Quebic is a simple and small journaling queue library based on local filesystem for Scala 2.12. It is aimed for using this in pipeline data processing especially machine learning or ETL. Quebic supports 1:1 queue operation for multi-thread or multi-process environment.
Once a data is pushed into queue, it will be able to read at the next time even if the process goes down. In addition, the last pushed data remains in queue and it can refer anytime even if the queue is empty. This allows your application's process to determine where it should resume from. You can also use this queue files as intermediate data store for the next data processing step.
This library is implemented with a double-stacking queue using only two files. Therefore, there may be little severe impact of file lock as far as you use this as 1:1.
- Persistent queue that can stop and restart processing.
- Process large amounts of data that exceed JavaVM heap.
- Remember the latest push data to determine restart position.
- Compression option for efficient storing large JSON or vector.
- Data type verification with simple schema.
- Simple two-files data store.
- 1:1 lock-based parallel push and pop.
Currently Quebic is designed for Scala 2.12. You may setup it to your project from the
Maven Central Repository by sbt
, mvn
,
gradle
and so on.
libraryDependencies += "at.hazm" % "quebic_2.12" % "1.0.+"
When you wish to use Quebic in your project, first you should determine the data type (specified by T
) that you want
to push to queue.
case class MyItem(id:Int, text:String)
Second, you should define schema as Schema
according to your data type and implement converter between type MyItem
and Struct
. The DataType
sequence in schema must be same as Struct
values.
import at.hazm.quebic.{DataType, Schema, Struct}
case object MyItem2Struct extends Queue.Value2Struct[MyItem] {
def schema:Schema = Schema(DataType.INTEGER, DataType.TEXT)
def from(data:MyItem):Struct = Struct(Struct.INTEGER(data.id), Struct.TEXT(data.text))
def to(struct:Struct):MyItem = struct match {
case Struct(Struct.INTEGER(id), Struct.TEXT(text)) => MyItem(id.toInt, text)
}
}
DataType
supports simple INTEGER
, REAL
, TEXT
, BINARY
and TENSOR
five types.
Note that the typical container type, such as list
or map
are not supported.

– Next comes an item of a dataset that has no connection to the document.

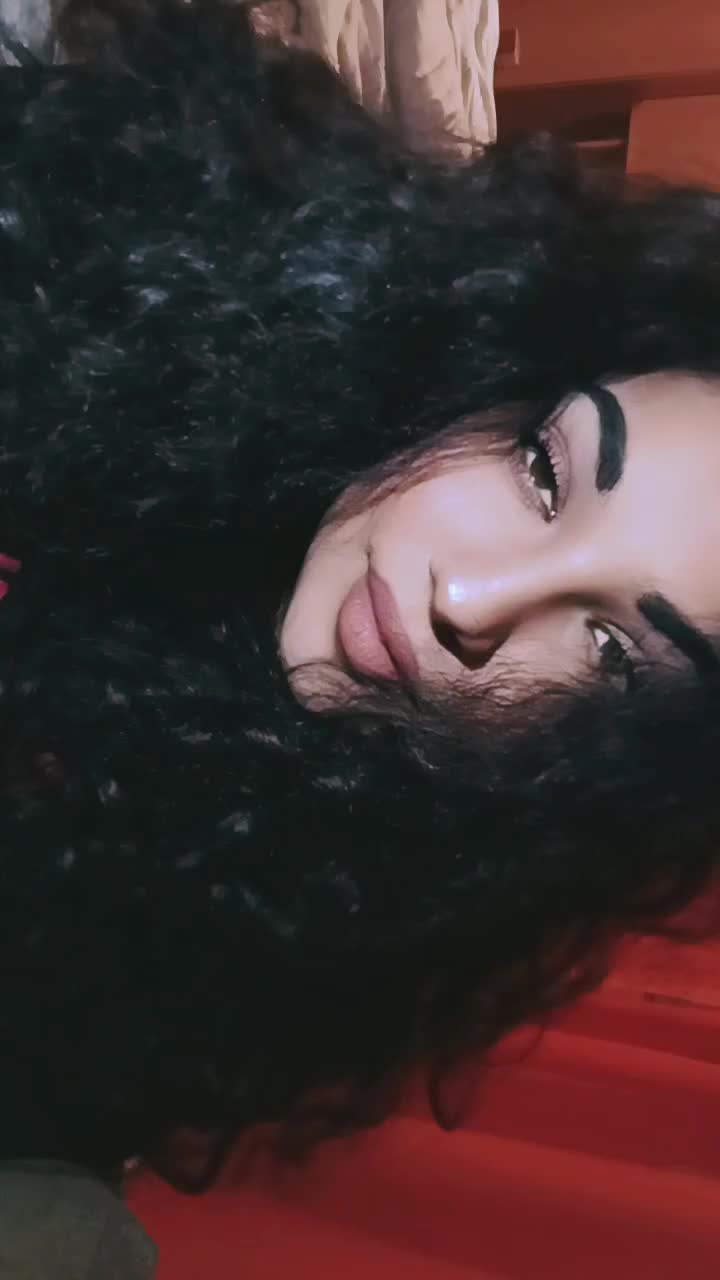 @Kamila Scottova❤️🔥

If you wish to use such complex type,
you may use JSON or XML string as TEXT
, or object serialization as BINARY
instead of default types.
And final, you will create queue and publisher or subscriber.
import java.io.File
import java.util.Timer
import at.hazm.quebic.{Codec, Queue}
val timer = new Timer("ScheduledMigrationThread") // scheduled migration thread
val file = new File("my-queue.qbc")
val capacity = 64 * 1024
val queue = new Queue(file, capacity, MyItem2Struct, timer)
val pub = new queue.Publisher(Codec.PLAIN)
pub.push(MyItem(0, "hello, world"))
val sub = new queue.Subscriber()
val myItem = sub.pop()
// When your program going to finish.
queue.close()
timer.cancel()
// If you wish to delete all queue-related files.
// queue.dispose()
Followings are the score of push and pop operation on DELL OptiPlex 7050 with Windows 10, Core i7-7700 3.6GHz CPU, 16GB memory, NTFS on HDD (not SSD).
In single thread, push - migration - pop sequential operation for 1kB binary item:
Operation | Call | Time | Time/Call |
---|---|---|---|
PUSH | 2,781 | 10,002ms | 3.597ms |
POP | 2,781 | 6,114ms | 2.198ms |
MIGRATION | 2,782 | 52ms | 0.019ms |
Quebic is based on double-stack queue.
When one client pushes an element to the queue, it will be pushed into stack-1 that works as journal. After that, if stack-2 is empty when the other client pops from the queue, the queue first pops all elements from stack-1 and pushes them to stack-2. So the queue behaves as FIFO.
The basic behaviour of Quebic is the same as the primitive transaction. It always rewrites the link pointer to the data entity after writing it. Therefore, if the system goes down while writing data entity, useless space will remain in the file but existing data is not damaged. However, unfortunately the system goes down while updating several bytes in the 8 bytes link pointer, the sequence of enqueued data in the file may be destroyed. It is able to detect such "broken link pointer" situation because the data header linked by pointer begins with fixed magic number.
This is very rarely situation (in fact I have never encountered) but you should not store the persistent data entities but intermediate one that can be rebuilt by rerun in this queue.